INFORMATION PROVIDED »

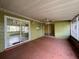 Enclosed patio with ceiling fan and sliding glass doors to the backyard and house at 132 Acapulco Dr, Kissimmee, FL 34743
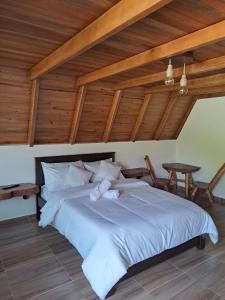 a large white bed in a room with wooden ceilings at Cabañas Amalú in San Agustín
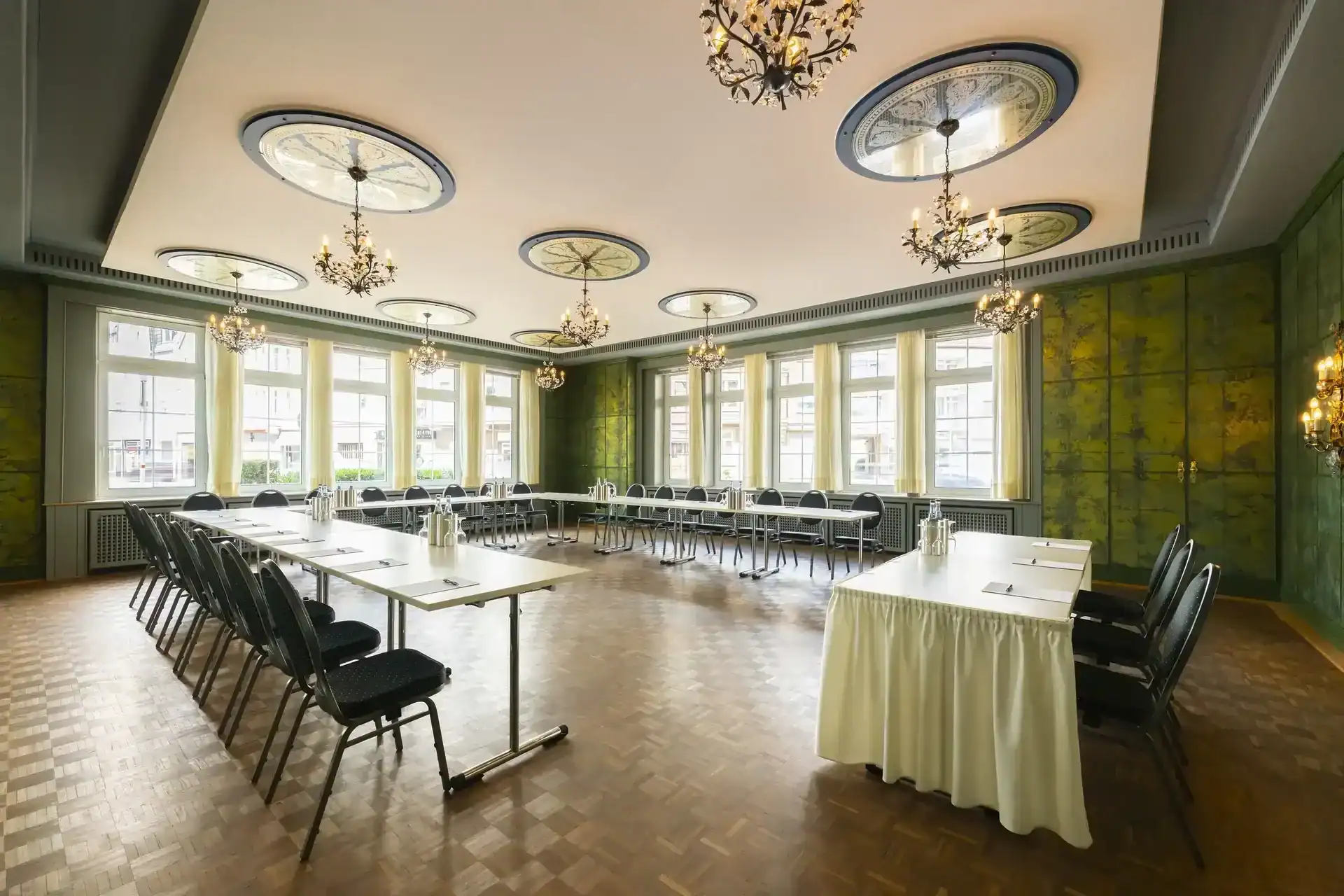 Spiegelzimmer – diagonale Ansicht. U-förmige Bestuhlung (bis 28 Personen), neun ornamentale Deckenrosetten mit floralen Kronleuchtern, historische grüne Wandgestaltung, Fensterfront an zwei aneinandergrenzenden Wänden, Parkettboden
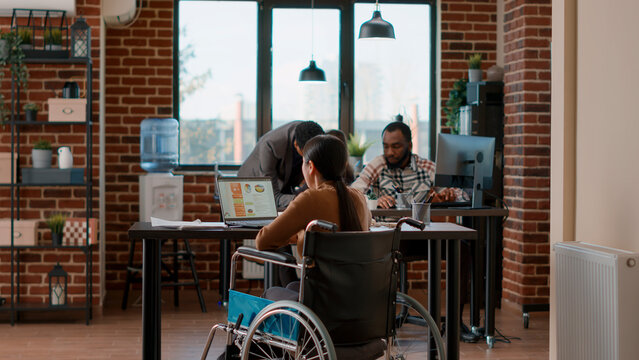 African american man helping woman in wheelchair with transportation, entering office job. Person with impairment working on business charts development, planning financial strategy. Tripod shot. - Powered by Adobe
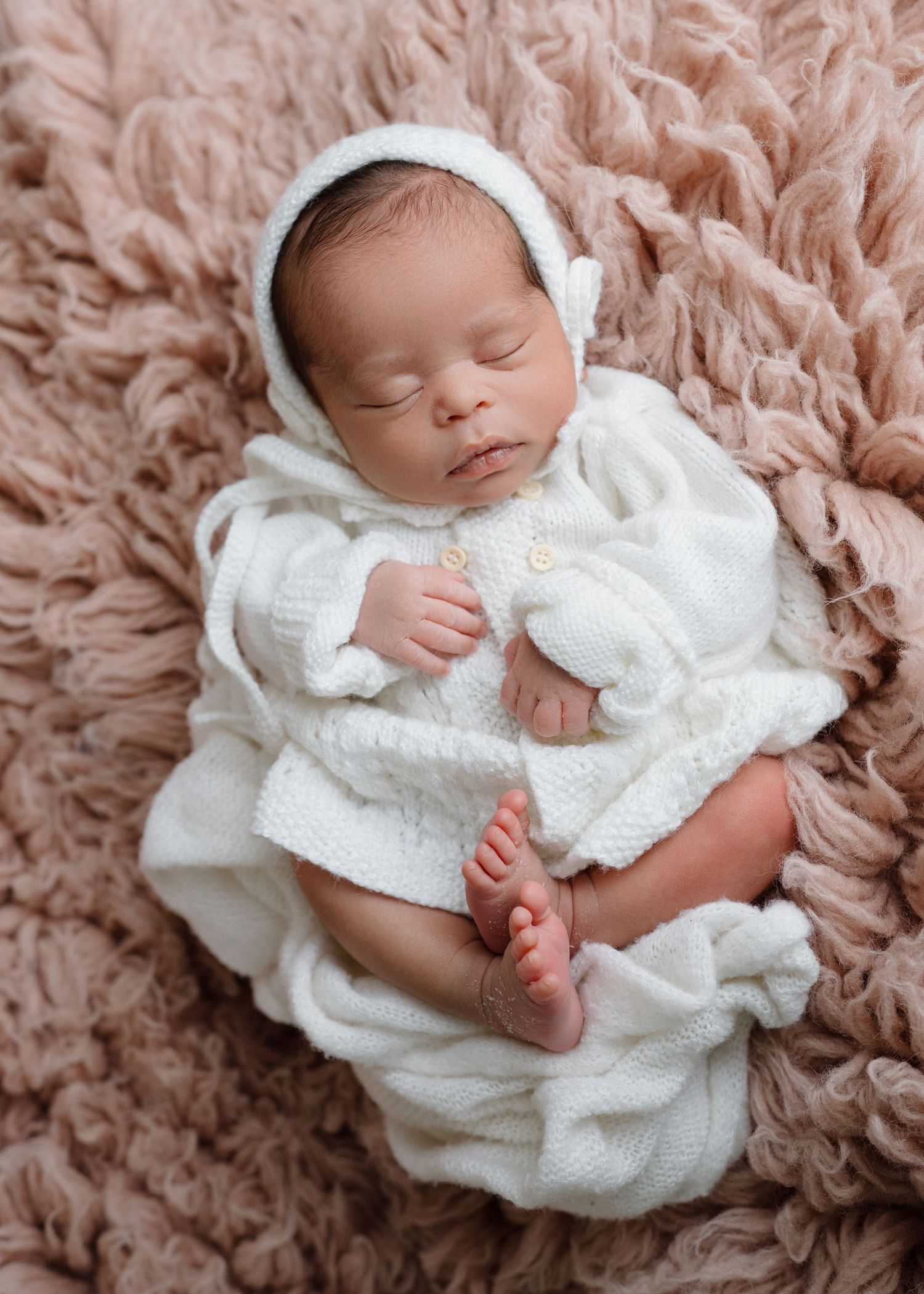 Peaceful newborn baby sleeping in white knit outfit and bonnet on soft pink fluffy blanket.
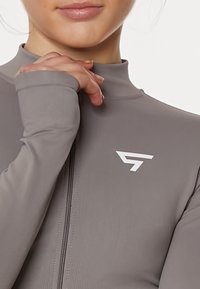 Gray athletic half-zip top with a high collar and fitted design, featuring a logo in white on the chest and long sleeves.
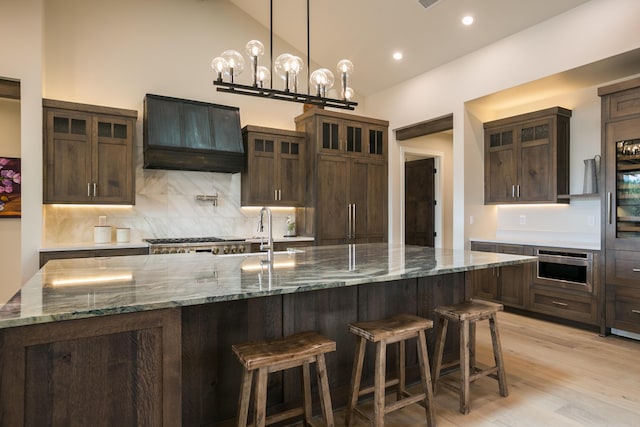 1016 Guadalupe Villa NW, Albuquerque, NM 87114 - kitchen with dark brown cabinetry, vaulted ceiling, premium range hood, a breakfast bar area, and backsplash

PROBLEM DESCRIPTION »
Copy the listing above verbatim; the pictures it contains are to stay out.

YOUR RESPONSE »
 Enclosed patio with ceiling fan and sliding glass doors to the backyard and house at 132 Acapulco Dr, Kissimmee, FL 34743
 a large white bed in a room with wooden ceilings at Cabañas Amalú in San Agustín
 Spiegelzimmer – diagonale Ansicht. U-förmige Bestuhlung (bis 28 Personen), neun ornamentale Deckenrosetten mit floralen Kronleuchtern, historische grüne Wandgestaltung, Fensterfront an zwei aneinandergrenzenden Wänden, Parkettboden
 African american man helping woman in wheelchair with transportation, entering office job. Person with impairment working on business charts development, planning financial strategy. Tripod shot. - Powered by Adobe
 Peaceful newborn baby sleeping in white knit outfit and bonnet on soft pink fluffy blanket.
 Gray athletic half-zip top with a high collar and fitted design, featuring a logo in white on the chest and long sleeves.
 1016 Guadalupe Villa NW, Albuquerque, NM 87114 - kitchen with dark brown cabinetry, vaulted ceiling, premium range hood, a breakfast bar area, and backsplash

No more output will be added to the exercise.